**WHAT YOU HAVE TO DO**
Could the data below be retyped exactly, without its pictures?

**PROVIDED MATERIAL**

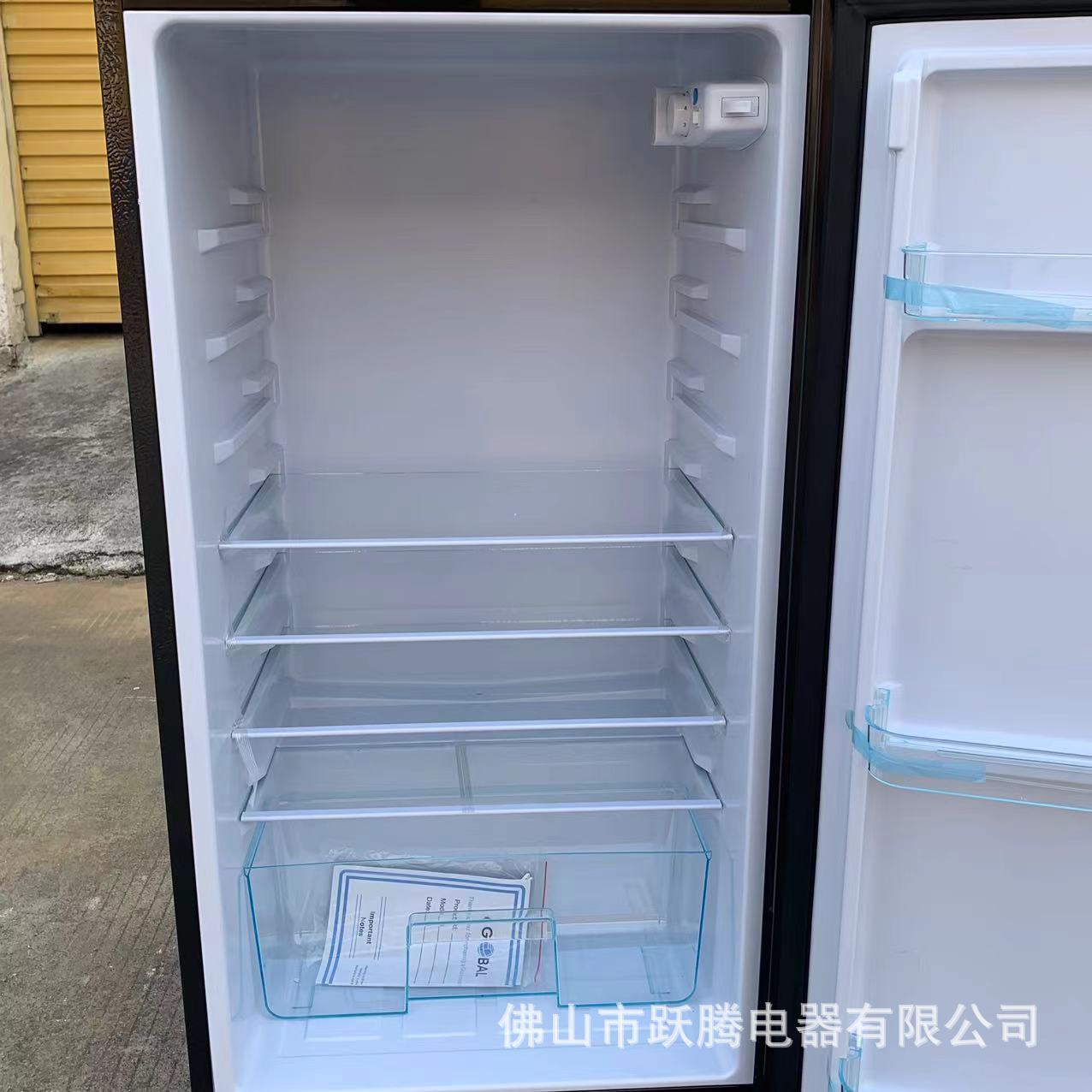 Wholesale of Two Door Household refrigerators for foreign trade export pic 18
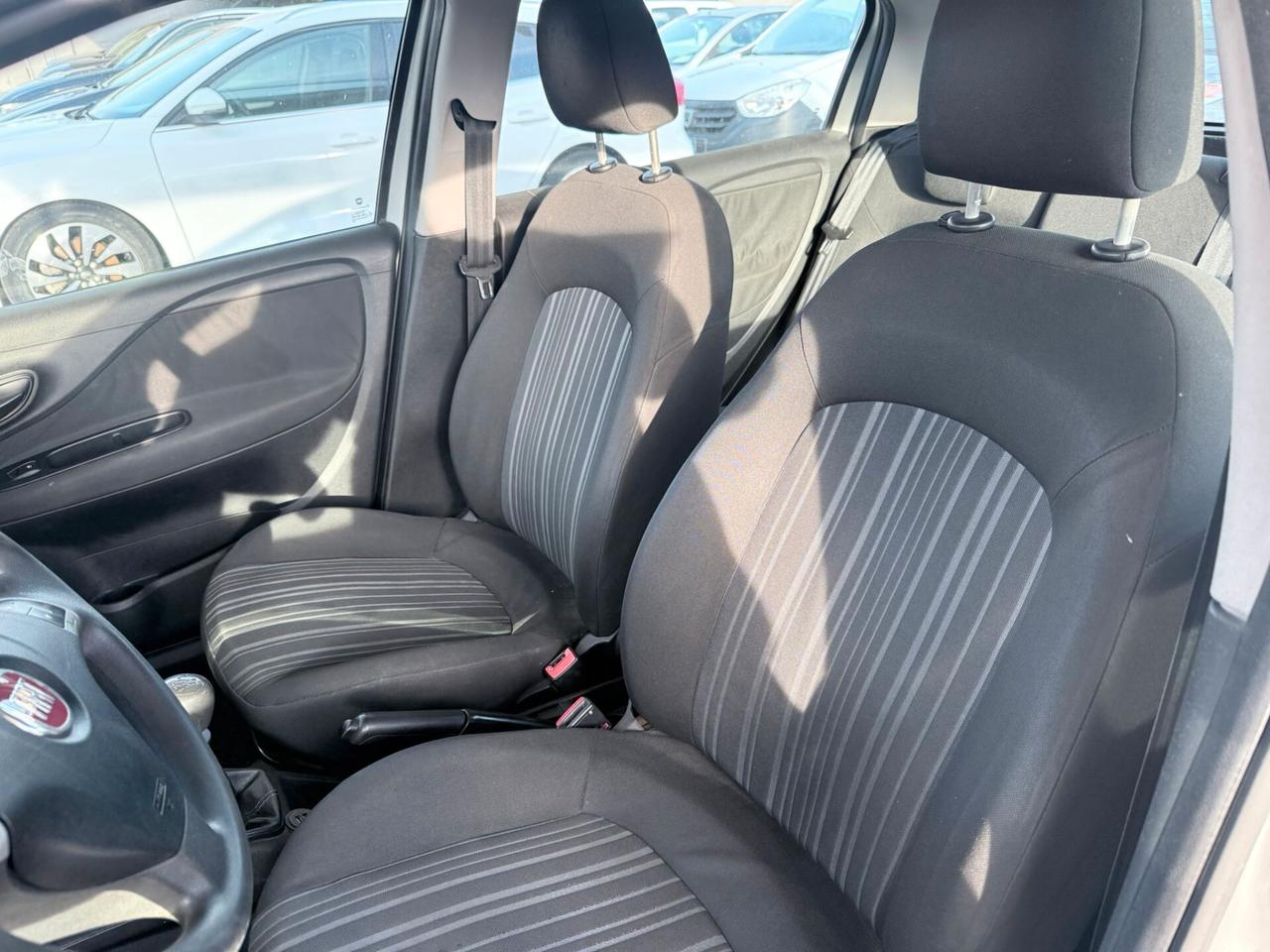 Fiat Punto Evo 1.4 5 porte Emotion EasyPower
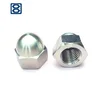 types of nuts bolts hex m16 domed cap nut of DIN 1587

**ANSWER FOR THIS EXERCISE**
 Wholesale of Two Door Household refrigerators for foreign trade export pic 18
 Fiat Punto Evo 1.4 5 porte Emotion EasyPower
 types of nuts bolts hex m16 domed cap nut of DIN 1587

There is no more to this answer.